## PROVIDED ENTRIES
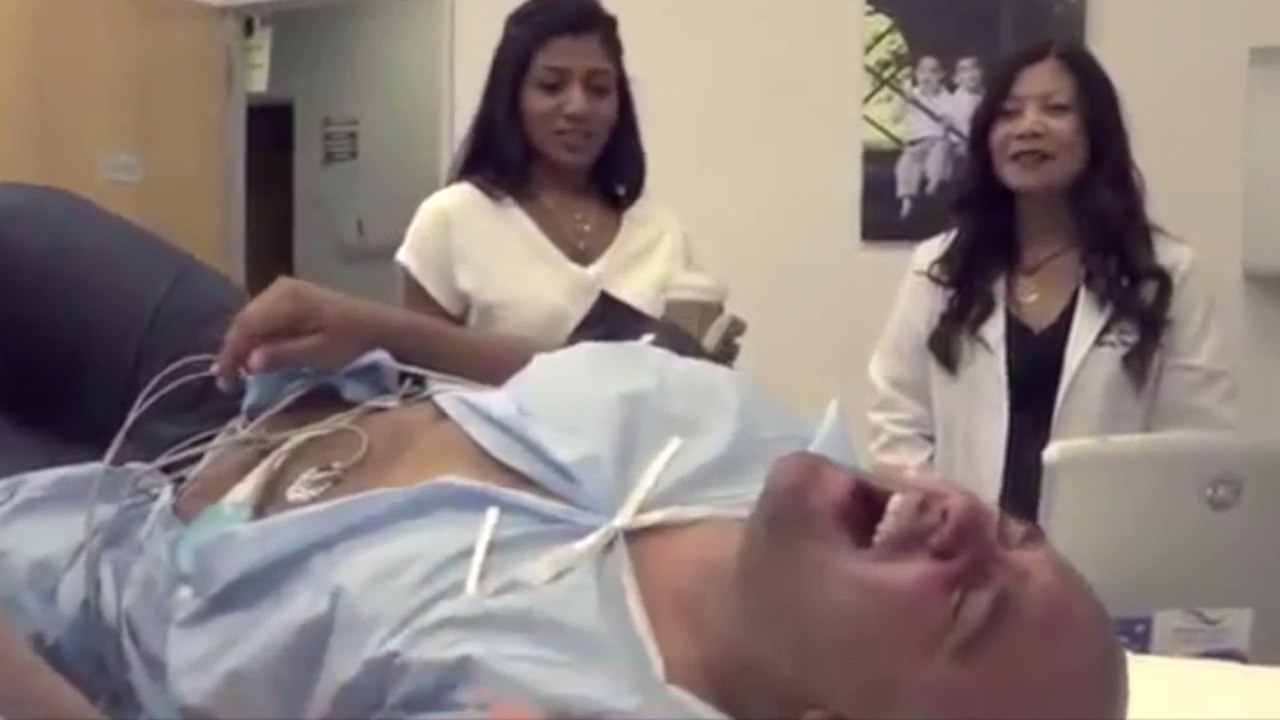 Ces hommes testent la douleur de l'accouchement. Leur réaction vaut le coup d'oeil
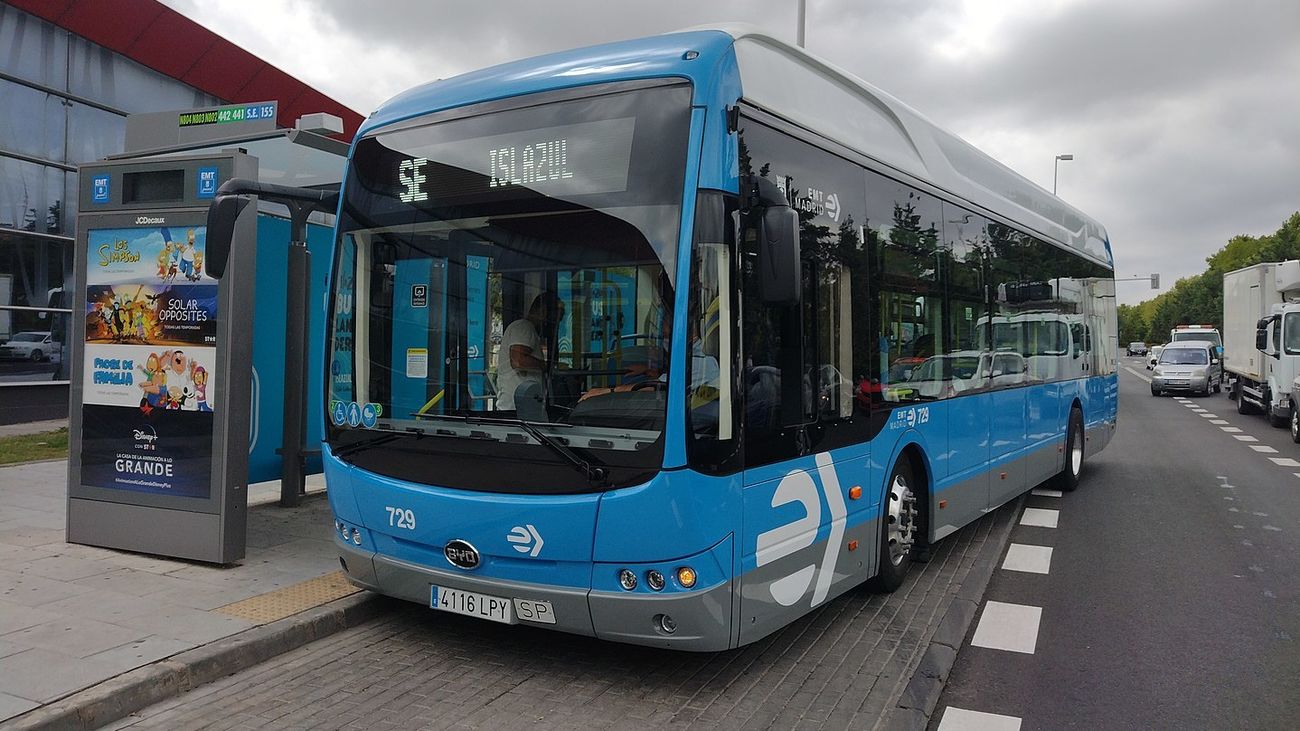 Autobús de la línea SE708 de la EMT
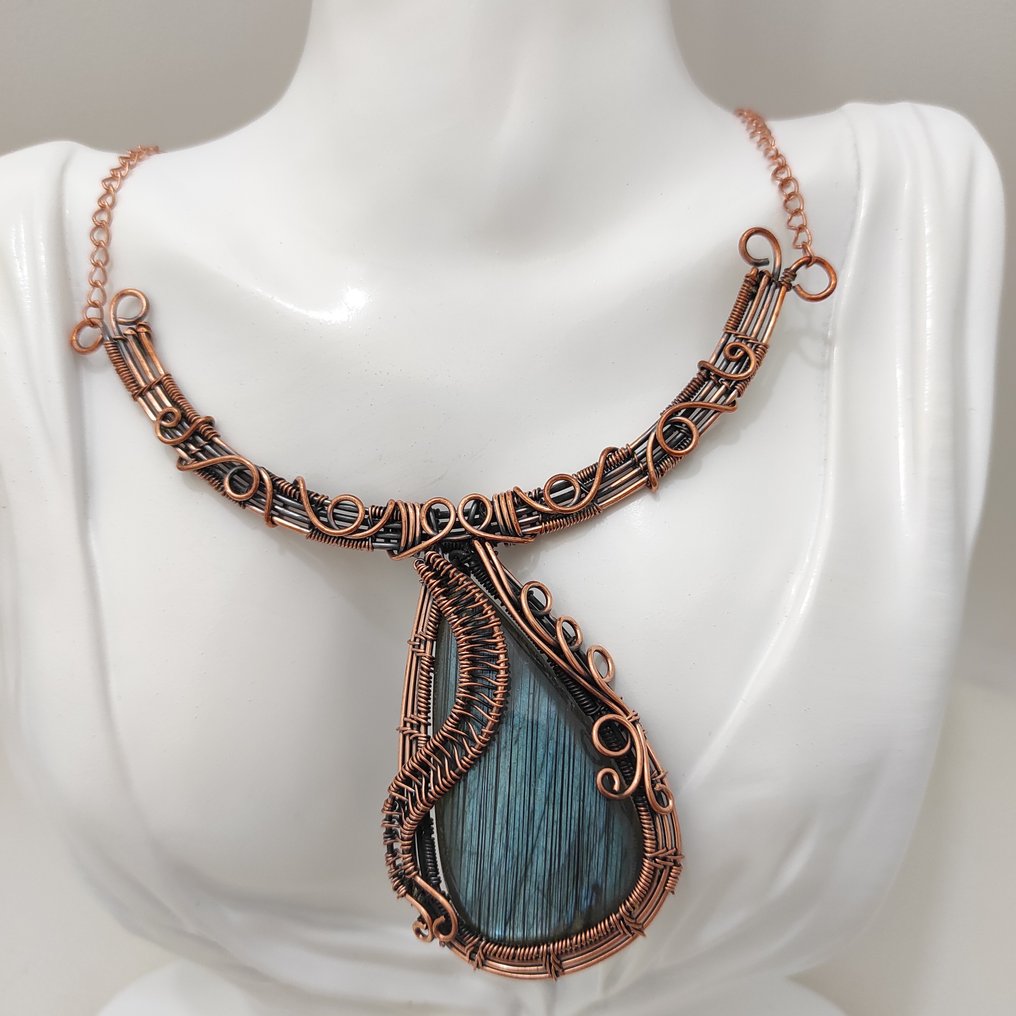 Handcrafted labradorite necklace made with pure copper wire. - Necklace #1.0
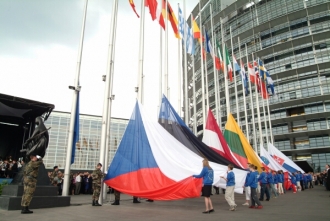 K parlamentním pendlerům přibyli při zatím posledním velkém rozšíření EU i Češi.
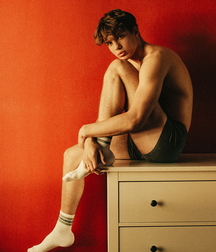 Sexy Boy models 603ba2814e36b.jpg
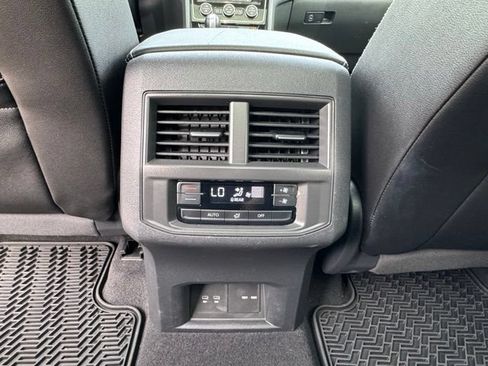 Certified 2023 Volkswagen Atlas SE w/ Panoramic Sunroof Package AWD/4WD image 13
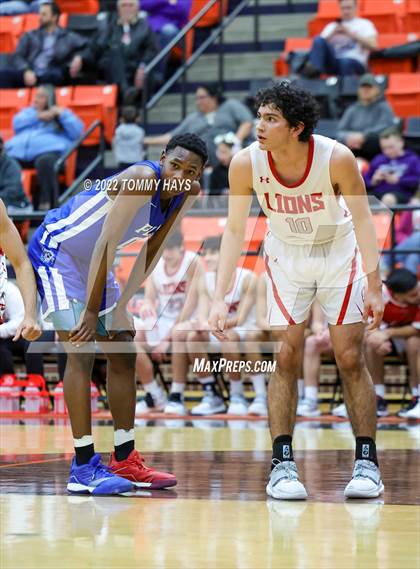 Thumbnail 3 in Dunbar @ Castleberry (UIL Basketball 4A Bi-District Playoff) photogallery.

## TASK BRIEF
Each line above has to be returned exactly. Drop the pictures.

## ANSWER SPACE
 Ces hommes testent la douleur de l'accouchement. Leur réaction vaut le coup d'oeil
 Autobús de la línea SE708 de la EMT
 Handcrafted labradorite necklace made with pure copper wire. - Necklace #1.0
 K parlamentním pendlerům přibyli při zatím posledním velkém rozšíření EU i Češi.
 Sexy Boy models 603ba2814e36b.jpg
 Certified 2023 Volkswagen Atlas SE w/ Panoramic Sunroof Package AWD/4WD image 13
 Thumbnail 3 in Dunbar @ Castleberry (UIL Basketball 4A Bi-District Playoff) photogallery.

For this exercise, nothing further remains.